### WHAT THE EXERCISE ASKS
Exactly as they appear, copy the lines from the one holding "Yamaha RX V385BL" through the end of the records, leaving pictures out.

### EXERCISE INPUT

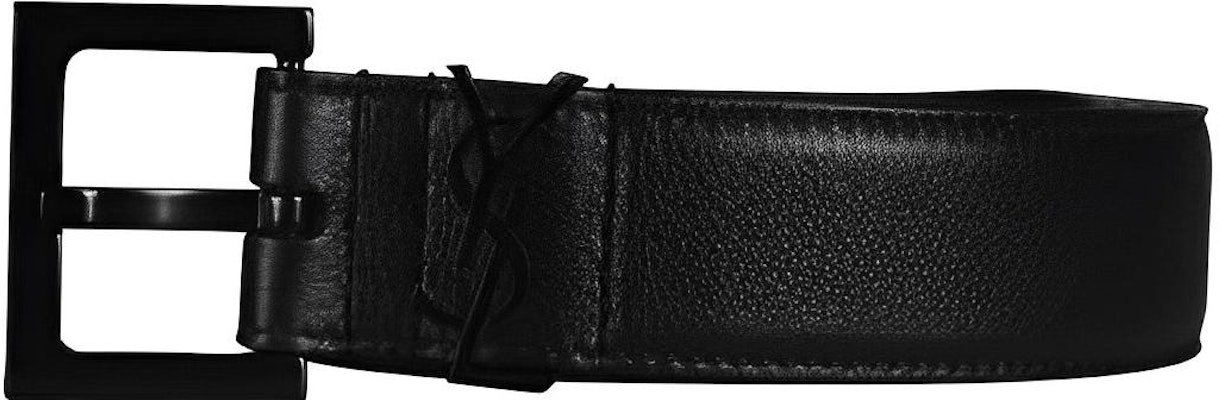 (Women) Saint Laurent 2cm Leather Belt with Logo Buckle. 554465BOO0U1000 Order (Women) Saint Laurent 2cm Leather Belt with Logo Buckle. 554465BOO0U1000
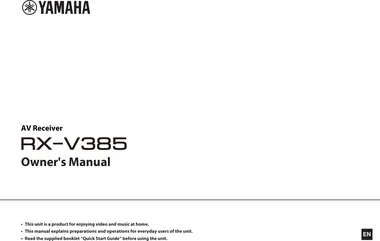 Yamaha RX V385BL
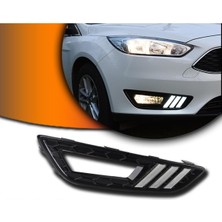 FK Tuning Ford Focus 3 Uyumlu Sis Farı Çerçevesi Gündüz Ledli Sinyalli (Model 1)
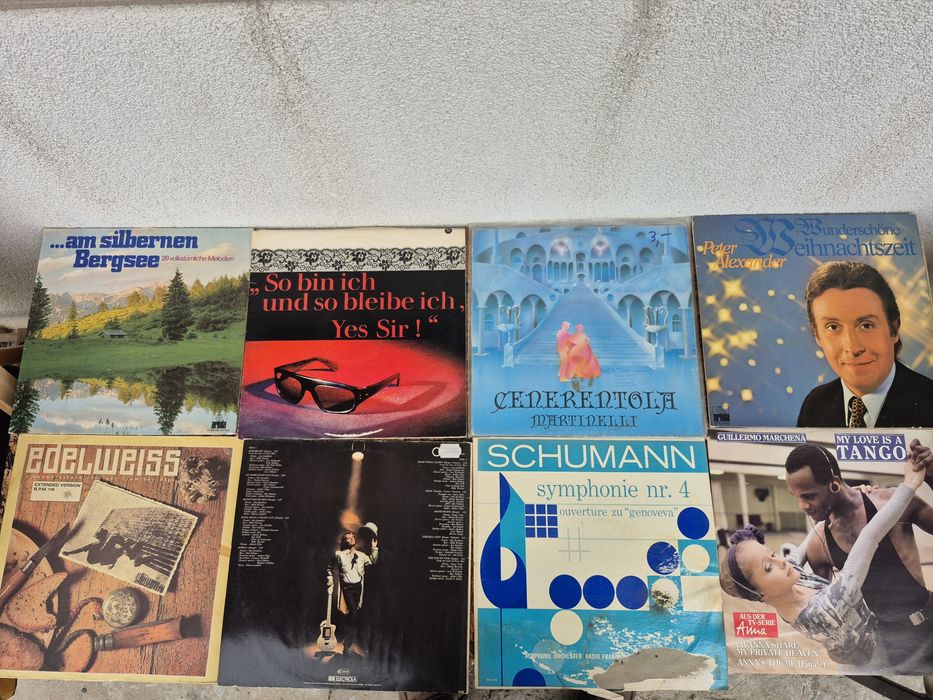 Vând 150LP Discuri Vinil colectie muzica clasica compozitori celebrii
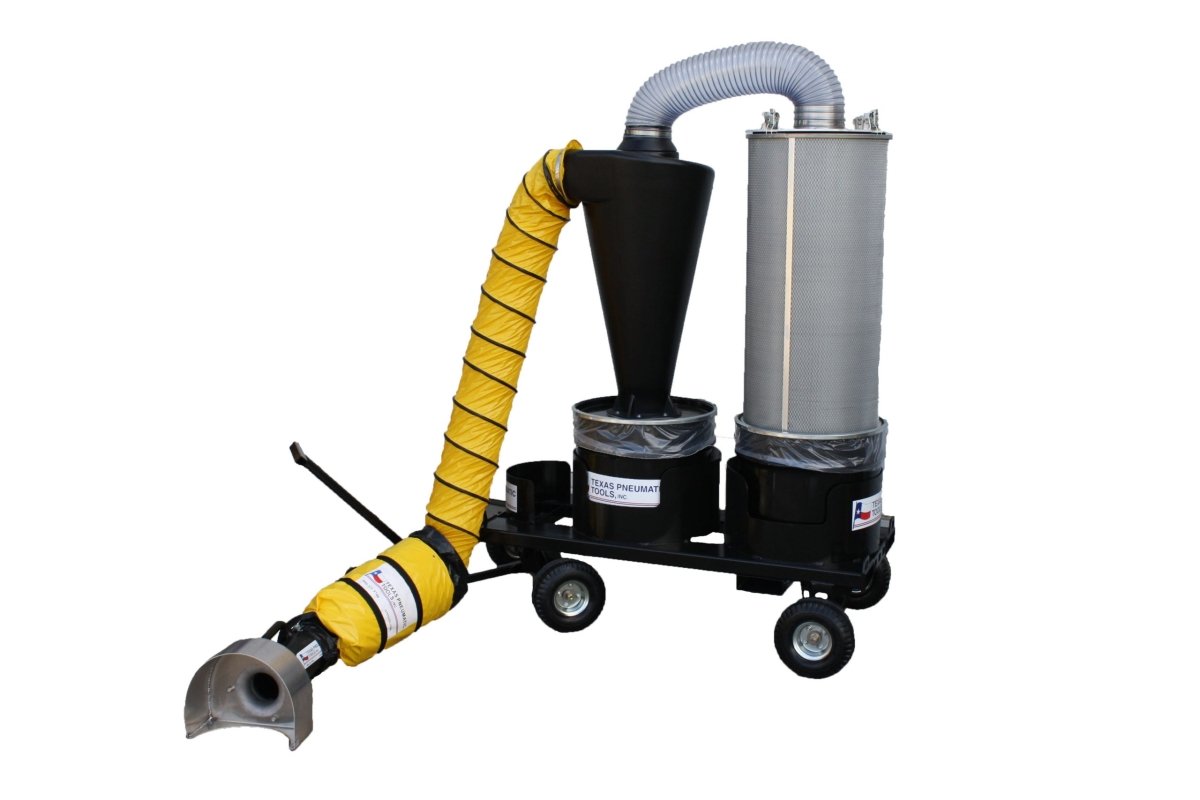 TX-DCS3 - Portable Dust Collection System (3") - Texas Pneumatic Tools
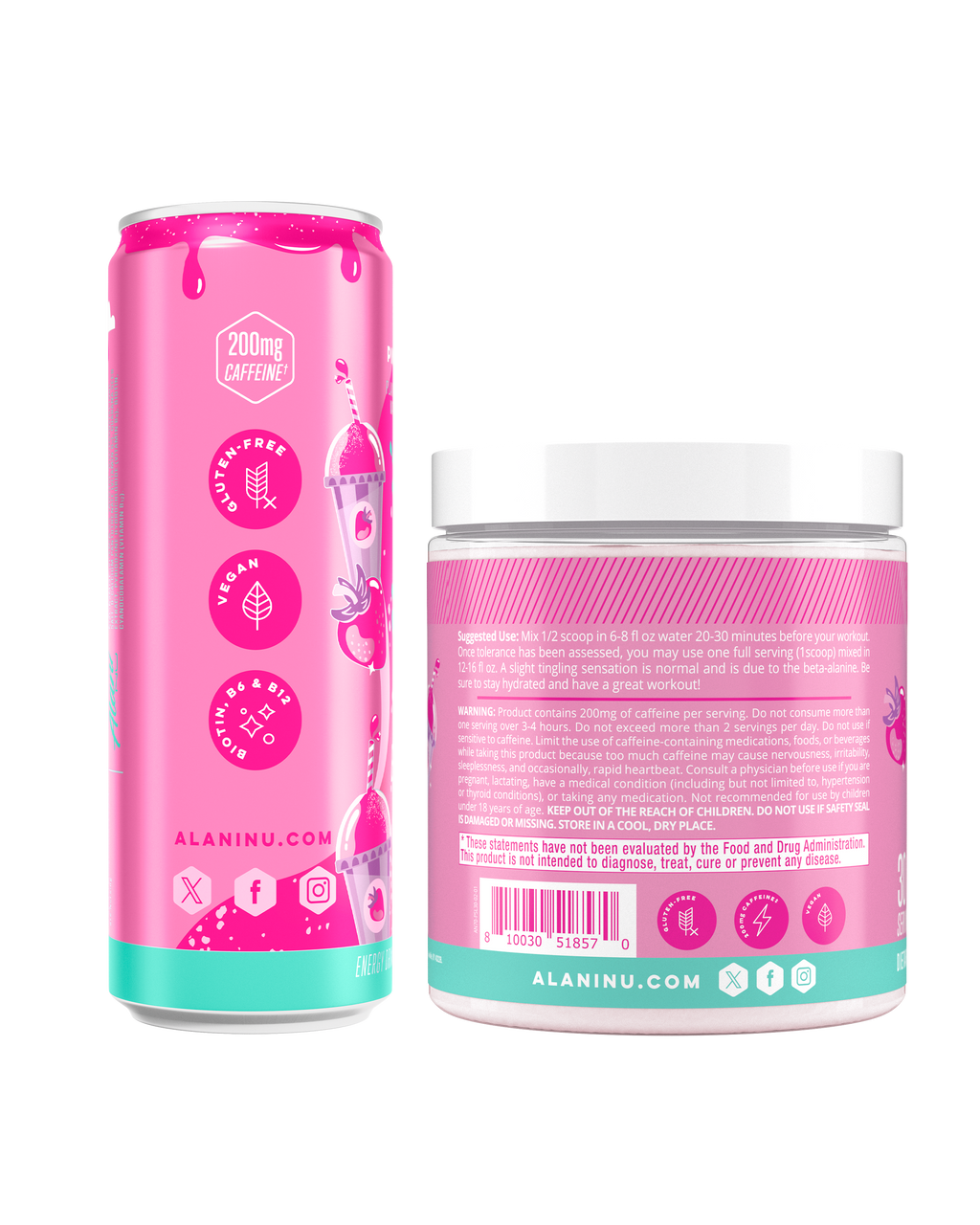 Energy Drink & Pre-Workout - Pink Slush #021MZ
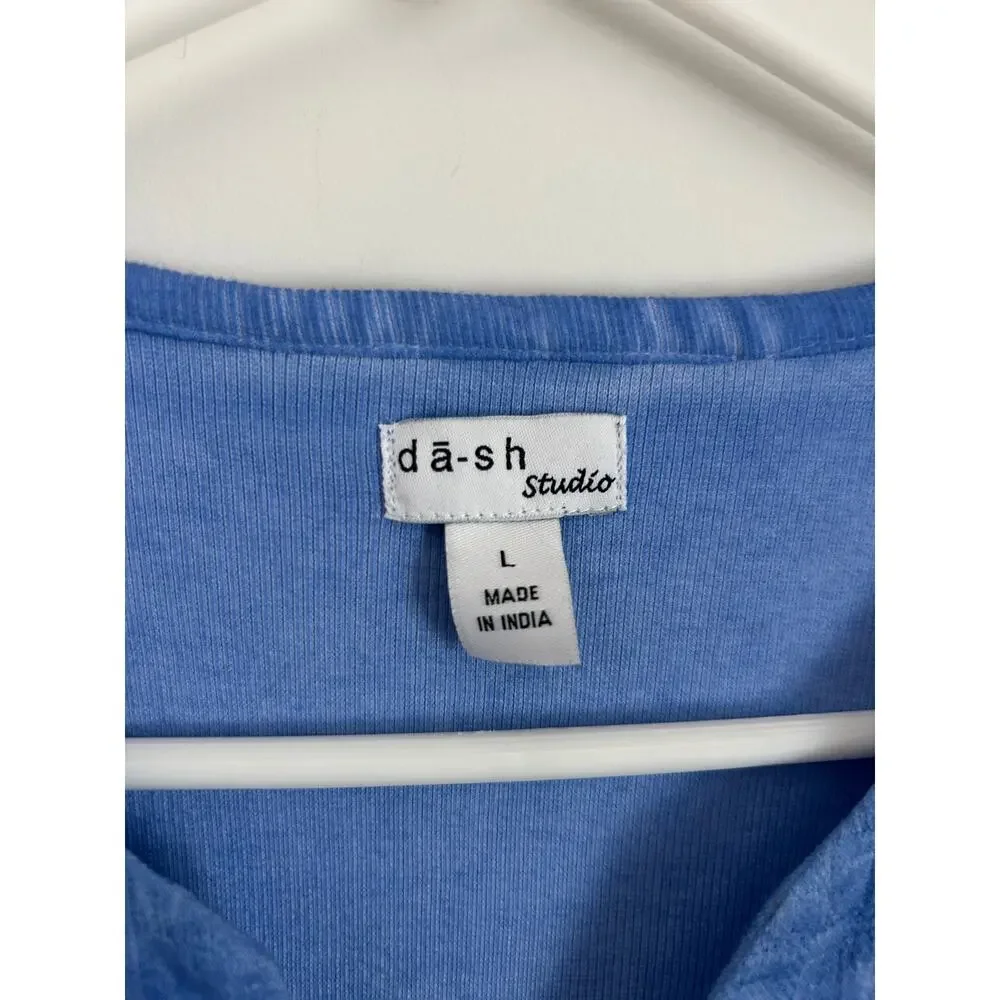 Dash Studio Blue Sleeveless V‑Neck Dress Women’s Large – Casual Summer Style - Picture 4 of 8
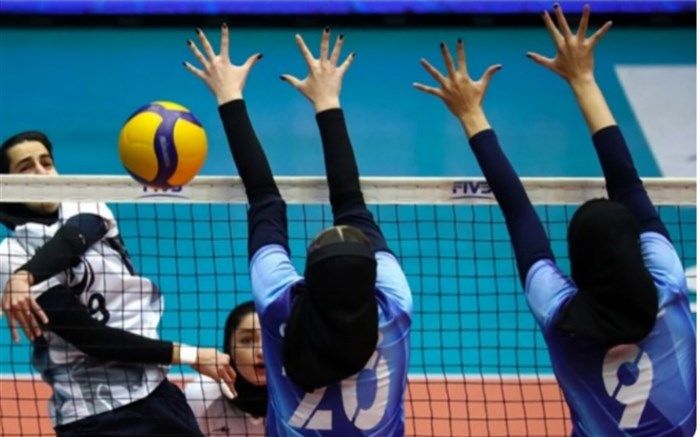 برگزاری مسابقات مینی والیبال ویژه دختران در شهرستان آباده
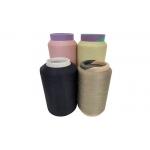 Black Dope Dyed Polyester Spun Yarn 36F DTY High Tenacity Gentle Luster for sale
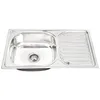 MIDORI® Edelstahl Spüle reversible Küchenspüle Einbauspüle Produktbild-Vorschau 2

### SOLUTION TO THIS EXERCISE
 Yamaha RX V385BL
 FK Tuning Ford Focus 3 Uyumlu Sis Farı Çerçevesi Gündüz Ledli Sinyalli (Model 1)
 Vând 150LP Discuri Vinil colectie muzica clasica compozitori celebrii
 TX-DCS3 - Portable Dust Collection System (3") - Texas Pneumatic Tools
 Energy Drink & Pre-Workout - Pink Slush #021MZ
 Dash Studio Blue Sleeveless V‑Neck Dress Women’s Large – Casual Summer Style - Picture 4 of 8
 برگزاری مسابقات مینی والیبال ویژه دختران در شهرستان آباده
 Black Dope Dyed Polyester Spun Yarn 36F DTY High Tenacity Gentle Luster for sale
 MIDORI® Edelstahl Spüle reversible Küchenspüle Einbauspüle Produktbild-Vorschau 2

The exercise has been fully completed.